There has been much discussion on the Street about the impact of home price appreciation on prepayment speeds, with many analysts predicting a slowdown for the housing market this year.

JPMorgan Securities analysts looked at the impact of the housing market on prepays in a recent report. They examined whether a slowdown in housing, along with a flat yield curve, will lead to a meaningful deceleration of current discount speeds.

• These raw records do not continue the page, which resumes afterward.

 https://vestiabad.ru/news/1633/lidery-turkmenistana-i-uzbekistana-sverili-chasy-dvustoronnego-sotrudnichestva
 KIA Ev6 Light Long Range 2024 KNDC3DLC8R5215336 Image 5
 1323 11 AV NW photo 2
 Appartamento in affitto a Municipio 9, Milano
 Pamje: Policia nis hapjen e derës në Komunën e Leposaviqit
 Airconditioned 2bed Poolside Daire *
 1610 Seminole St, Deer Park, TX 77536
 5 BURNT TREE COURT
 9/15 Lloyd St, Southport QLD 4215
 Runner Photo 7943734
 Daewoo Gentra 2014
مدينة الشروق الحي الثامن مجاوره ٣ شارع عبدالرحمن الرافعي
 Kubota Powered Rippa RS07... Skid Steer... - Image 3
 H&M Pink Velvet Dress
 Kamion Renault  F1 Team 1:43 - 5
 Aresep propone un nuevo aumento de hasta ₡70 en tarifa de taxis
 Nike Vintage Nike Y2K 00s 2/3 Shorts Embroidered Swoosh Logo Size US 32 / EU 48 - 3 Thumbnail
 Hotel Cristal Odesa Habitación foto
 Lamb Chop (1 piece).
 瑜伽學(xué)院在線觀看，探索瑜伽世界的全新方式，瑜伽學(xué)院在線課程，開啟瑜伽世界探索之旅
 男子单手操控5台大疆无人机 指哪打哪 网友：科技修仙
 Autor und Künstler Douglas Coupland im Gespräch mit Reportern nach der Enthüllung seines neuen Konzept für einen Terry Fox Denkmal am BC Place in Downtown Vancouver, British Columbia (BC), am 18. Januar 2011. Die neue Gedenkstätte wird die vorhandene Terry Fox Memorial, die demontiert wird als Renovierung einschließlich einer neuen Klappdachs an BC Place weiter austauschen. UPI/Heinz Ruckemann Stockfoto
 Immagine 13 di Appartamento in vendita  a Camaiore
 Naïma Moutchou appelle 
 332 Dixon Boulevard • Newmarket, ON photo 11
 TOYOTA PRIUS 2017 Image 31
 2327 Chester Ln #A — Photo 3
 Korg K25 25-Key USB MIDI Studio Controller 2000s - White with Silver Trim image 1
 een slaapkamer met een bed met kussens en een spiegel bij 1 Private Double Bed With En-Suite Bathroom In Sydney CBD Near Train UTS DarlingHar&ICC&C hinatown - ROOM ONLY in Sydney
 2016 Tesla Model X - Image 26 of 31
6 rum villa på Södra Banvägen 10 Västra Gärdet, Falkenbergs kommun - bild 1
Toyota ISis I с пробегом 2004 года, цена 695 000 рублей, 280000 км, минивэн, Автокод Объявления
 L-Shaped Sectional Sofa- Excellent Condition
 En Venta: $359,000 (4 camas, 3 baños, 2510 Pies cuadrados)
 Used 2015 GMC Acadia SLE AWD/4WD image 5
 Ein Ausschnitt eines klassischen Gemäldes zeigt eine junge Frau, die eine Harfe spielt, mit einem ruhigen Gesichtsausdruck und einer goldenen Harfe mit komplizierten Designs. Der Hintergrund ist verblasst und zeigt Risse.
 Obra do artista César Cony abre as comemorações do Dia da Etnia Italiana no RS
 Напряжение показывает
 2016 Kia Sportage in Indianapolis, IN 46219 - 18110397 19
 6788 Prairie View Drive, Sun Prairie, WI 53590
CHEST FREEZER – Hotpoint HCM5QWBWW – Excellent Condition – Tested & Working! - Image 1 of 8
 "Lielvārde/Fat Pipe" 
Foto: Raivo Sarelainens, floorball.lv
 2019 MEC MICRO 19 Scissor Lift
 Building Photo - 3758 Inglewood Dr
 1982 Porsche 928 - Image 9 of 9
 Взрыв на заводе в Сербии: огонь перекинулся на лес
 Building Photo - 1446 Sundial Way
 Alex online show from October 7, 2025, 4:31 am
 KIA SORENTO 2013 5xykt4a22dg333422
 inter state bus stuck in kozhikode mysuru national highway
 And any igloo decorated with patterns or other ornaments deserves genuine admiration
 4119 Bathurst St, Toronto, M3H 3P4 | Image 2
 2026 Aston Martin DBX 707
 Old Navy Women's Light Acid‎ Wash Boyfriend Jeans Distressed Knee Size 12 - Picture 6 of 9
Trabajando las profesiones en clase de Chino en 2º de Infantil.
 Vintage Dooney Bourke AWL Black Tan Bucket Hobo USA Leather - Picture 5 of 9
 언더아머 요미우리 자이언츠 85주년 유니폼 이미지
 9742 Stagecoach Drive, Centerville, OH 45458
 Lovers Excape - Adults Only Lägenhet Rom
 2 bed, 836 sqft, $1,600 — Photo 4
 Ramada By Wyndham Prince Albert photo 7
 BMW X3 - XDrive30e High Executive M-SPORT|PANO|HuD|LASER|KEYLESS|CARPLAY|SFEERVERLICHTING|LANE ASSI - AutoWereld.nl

The firm examined existing home sales that have never dropped by more than 1/2 of a CPR since 1990, since analysts have long said home price appreciation and existing home sales growth are weakly correlated. They reiterated their view that rising homeownership - which is largely driven by younger, more mobile, borrowers - has caused a fundamental shift in the mortgage market. This implies that baseline turnover could stay near 9% CPR, equivalent to 50 basis points out of the money, even in a soft housing market. This is why JPMorgan strongly disagrees with comments made by other Street analysts who say existing home sales are somewhat inflated because of a strong housing market.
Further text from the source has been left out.